Newcomer Tommy Pham will probably get the majority of starts in left, despite his subpar defense (-11 Outs Above Average as opposed to Myers’ 2 OAA). But Myers would be a defensive upgrade over any of the players vying for right except Trent Grisham, who played just 51 games with the Brewers last year.
Myers certainly proved his worth in 2016 (when he was named the National League Player of the Month in June and made the All-Star team that July), and his success continued into 2017. In January of that year, the Padres signed Myers to an $80 million six-year extension. At the time, that was the most generous contract ever doled out by the San Diego Padres, but it has since been dwarfed by the contracts for Hosmer and Manny Machado.
In both those years, Myers primarily played first base (1294.0 innings in 2016, 1333.0 in 2017). While he’s not the second coming of Lou Gehrig, he earned a wRC+ of 114 and 107 those two years, compared to Hosmer’s wRC+ of 95 and wRC+ 91 in his time in San Diego.
Offensively Hosmer has not been much of an upgrade at first. In 2018 he batted .253/.322/.398/.309, in 2019 .265/.310/.425/.309. In those past two years, Myers has a batting line of .253/.318/.446/.328 and .239/.321/.418/.316. Neither obviously mimic Albert Pujols in his prime.
The Padres have plenty of reasons to want to move on from Myers. He hasn’t lived up to expectations, and he can be a bit of a space cadet who lacks intensity at times.
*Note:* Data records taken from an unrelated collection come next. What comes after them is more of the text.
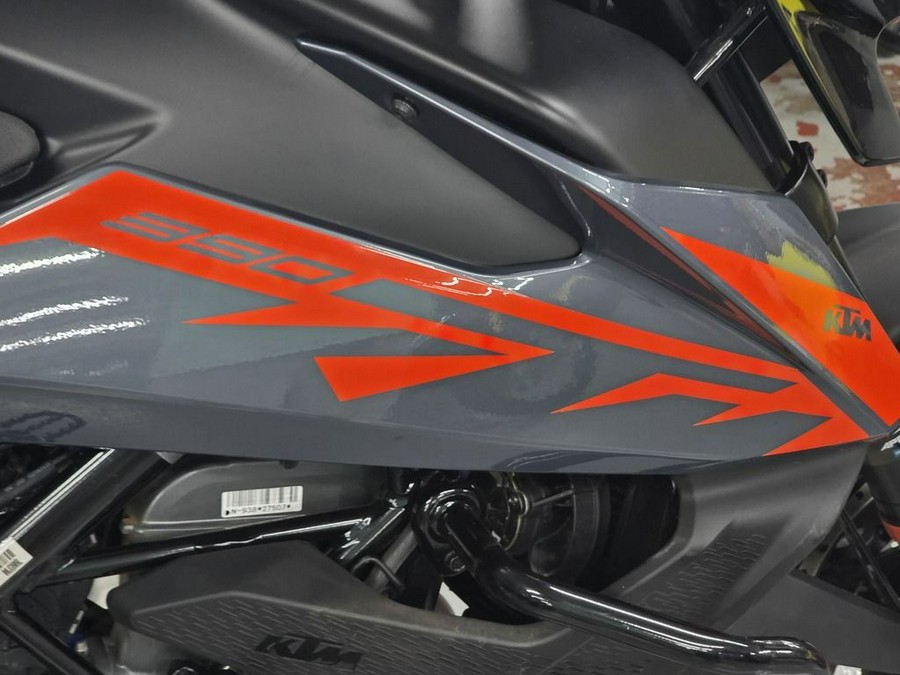 2022 KTM Adventure 390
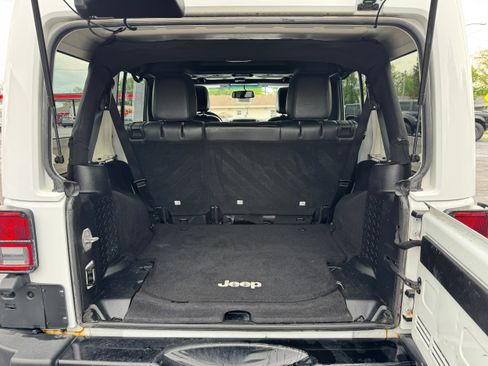 Used 2015 Jeep Wrangler Unlimited Sahara w/ Dual Top Group AWD/4WD image 14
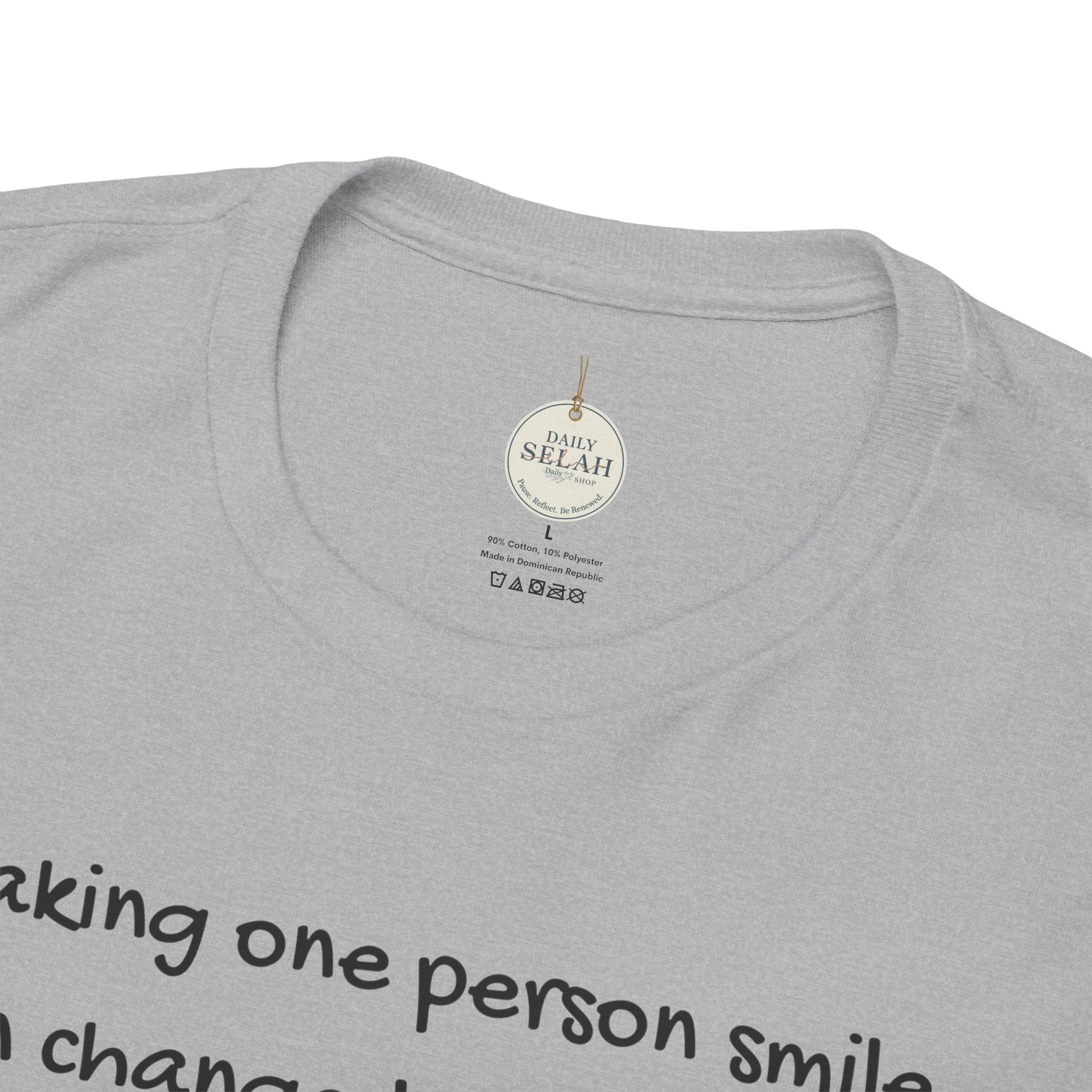 Inspirational Daisy Tee — “Making one person smile can change the world” Proverbs 11:21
Unless another team swoops in offering to pay most if not all of the $20 million yearly salary owed Myers, the Padres need to make amends and take advantage of his skillset. Encouraging rather than humiliating the man just might bring back the player he proved he could be early on in his tenure with the Padres.
Baseball has been a part of Diane’s life since her father played professionally (mostly at the minor league level). She has written for a number of publications and concentrated on companion animal welfare. She welcomes the opportunity to write about the sport she loves. Diane shares her home with her husband and a house full of rescued animals.
thanks Diane for solving the Myers problem. Hosmer was pretty bad at 1B last year and Myers needs to be in a regular situation. His OF is kind of shaky, okay in general.
The real problem, as identified by others, is Preller. Renfroe for Pham was not a great trade, he got very little for Franmil, and now he wants to move Myers (his mistake) by throwing in Cal Quantrill. I really hope this is Preller’s last year with the Padres and I hope the owners are looking for their next GM as we speak.
Hello Padre Paul,
The solution makes sense to me and to you, but it’s doubtful that Myers will get regular playing time especially at first. Hosmer’s ridiculous salary makes Myers’ ridiculous salary look less significant.
And now, Myers is subjected to more trade rumors. I know he’s a bit of a space cadet, but it must be really distressing to have your team dis you repeatedly.
Your wish that this is Preller’s last year may very well come true. Fowler is as fed up as you are.
Diane, this is the best article I’ve read about the Padres in a long time. Great job! Myers was injury prone in the outfield and worked hard to excel at first base. He finally felt comfortable at first base, so he signed a long-term contract. Then Preller made a huge mistake by supplanting him with Hosmer, making Myers unhappy and forcing him back into the outfield. A large part of the game is psychological. What goes on in Myers’ mind when he signs a long-term contract ( as the Padres first baseman), only to see Preller sign Hosmer and force Myers into a platoon in the outfield with Renfroe, Jankowski, Reyes, and others. You are one of the very few people to correctly point out that Pham and Hosmer are subpar defenders, with Pham arriving at the expense of Renfroe, who worked hard to become an excellent right fielder. With Hosmer, Pham, Jurickson, Mejias, and Myers (a good first baseman but a bad center fielder) Preller has assembled a bad defense that is going to frustrate Padres pitchers and prevent them from making the playoffs.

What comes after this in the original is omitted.